More progress. And once you've defined "up" and "down" for yourself, you then have to determine (1) where your entry opportunities are and (2) what to do when up and down switch places. You can't trade price unless you're looking at it. Forget about your hopes and dreams and indicators and focus on price and what it's doing, or not doing, which can tell you just as much. You may not win huge, but at least you'll stop losing. Edit: Incidentally, you'll notice that price is sitting at the midpoint of the opening range. Eventually, if you continue to trade price, that will become important to you.
I've found that if you enter trends on pullbacks using limit orders where you believe price should turn, then you're trying to time the turning point. But if you let price actually turn and sweep you into position off a likely S/R level by using an initiating stop order, the odds of a successful trade are higher, and if the likely S/R level breaks down first, you know not to initiate the trade without further favorable price action.
I could never learn to scalp CL. Could you please send this PM to me as well. I assume there is something of value in it regarding trading CL intraday. Thanks nod.

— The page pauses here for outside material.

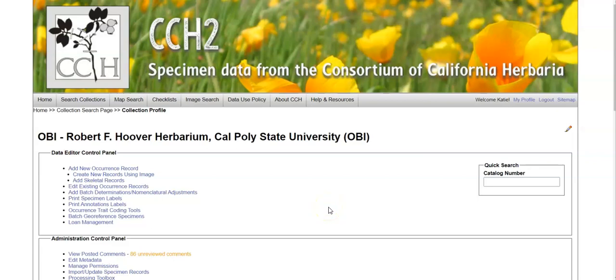In this video, we will demonstrate the tools available in the Data Editor Control Panel and the Administration Control Panel for a collection in a Symbiota portal. I am using the CCH2, or California Consortium of Herbaria, portal, but these tools will be the same in most portals.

Your right, there's a couple different ways to try to time turning points. My mentor always told me that you pay for confirmation, the more confirmation you need the bigger your stop. In your defense, the market can keep going down in the case your trying to buy a pullback with no confirmation. I don't wait for full confirmation, I wait for price to stop going down and some kind of pause in the market and of course it has to be near some kinda support level. I look at it like this, as long as you have a bias thats half of the battle. The problem with losing traders, they don't know when to switch there biases.
Hi Brian, The chart you posted appears to have candles that are all the same color. When backtesting entry signals, I find that there is value in knowing if the previous candles were up vs. down (white vs. gray or green vs. red, etc.) and this info gets incorporated into the trading rules. With regard to exits, you might also consider backtesting the idea of entering a limit order at the same time that you place the initial entry order that exits half your position when price goes in your favor for a certain distance. An example might be to exit half if the price goes either 1/2 or 2/3 of the current 10-bar average true range. When I made this change to one strategy, the win % and profit factor were both improved. I'm with NoDoji on the entries: entering with stop orders has worked the best for me too. I noticed that at 8:00 in the morning where I am (Central time, US), your chart says 14:00. What country are you trading from?

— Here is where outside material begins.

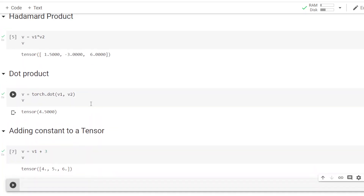Further, we will look at what functions we can perform on a tensor. We can apply certain functions on tensors and get another tensor as a result. We will see that in the next lesson.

Hi, Slope. Thanks for your post. I actually use green/red(up/down) candles when back-testing, but I know that lots of people don't like to look at colourful charts (including me too an extent) and so used the black candles for this thread. I am trading with only 1 contract and so am unable to utilize and scaling in/out methodologies, but thanks for the suggestion. Oh.....and i'm in Sunny Old England!
Experimenting in market replay today with a random day's data. Using very tight stops, and trying to get out as soon as it starts going against me. As suspected, lots of stop outs, a few 'bad' stops where it stopped me and then went in the anticipated direction without me. Some where I thought 'OK. Just get back in the trade then!'' for it to then just chop me up due to very tight stops, and then finally a lovely large trade which I let run in my direction until it looked like it was moving the other way. In hindsight the day was a strong trend down day, though. Naturally, advice received has been very mixed so far (stops are too tight. Stops are too big. You need to be trading reversals. You're trading against the trend- trade with it. You're trading WITH the trend but didn't manage the position well etc etc. Brain hurts, but still grateful for peoples posts. Will update my live chart on Monday showing my activity And here's todays replay stuff (21st october)

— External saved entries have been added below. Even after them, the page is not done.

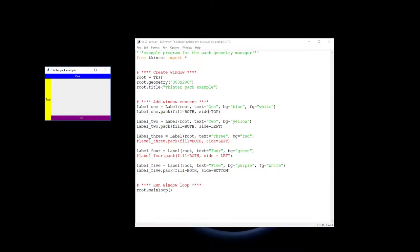Pack label one gets packed into the top as high as possible. Label two gets put in as left as possible because I've got expand, it expands right down here as much as it can. So it takes up right down to the bottom. So when label five gets put into the bottom it only expands out to as far as two. Much the same way as that two only expands up as far as one because of the order that they've been packed in.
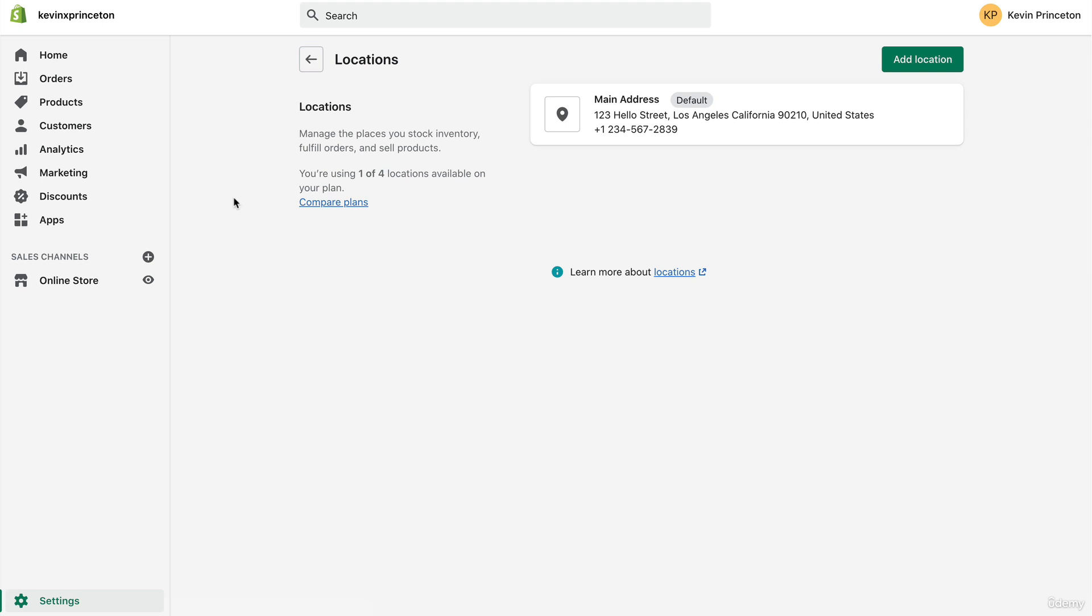Because we're drop shipping, our third-party drop shipping vendor, which is mostly going to be AliExpress.com, is going to take care of all that shipping. So we really only care about locations for the sake of sales tax. But we'll talk a little bit more about sales tax in another video.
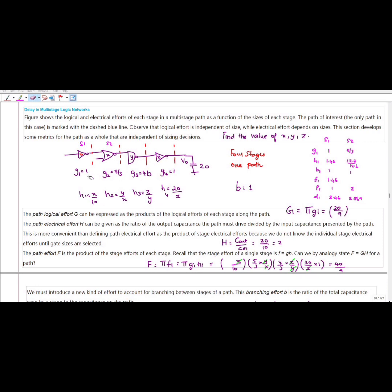G1, G2, G3, and G4. The formula for the NAND gate is (2N + 1) divided by 3, where N represents the number of inputs. For the NOR gate, the formula is (N + 2) divided by 3.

You have the raw material here for a decent methodology. Rather than hijack your thread, I offer what would have transpired had you simply followed the course of the shifts between demand (blue) and supply (pink), as detailed in my own threads. Take from it what you will. There are four trades, three shorts and one long. The shorts are all profitable. The long results in a small loss. There are no stops, no targets, no indicators, no calculations. Hope it all works out for you.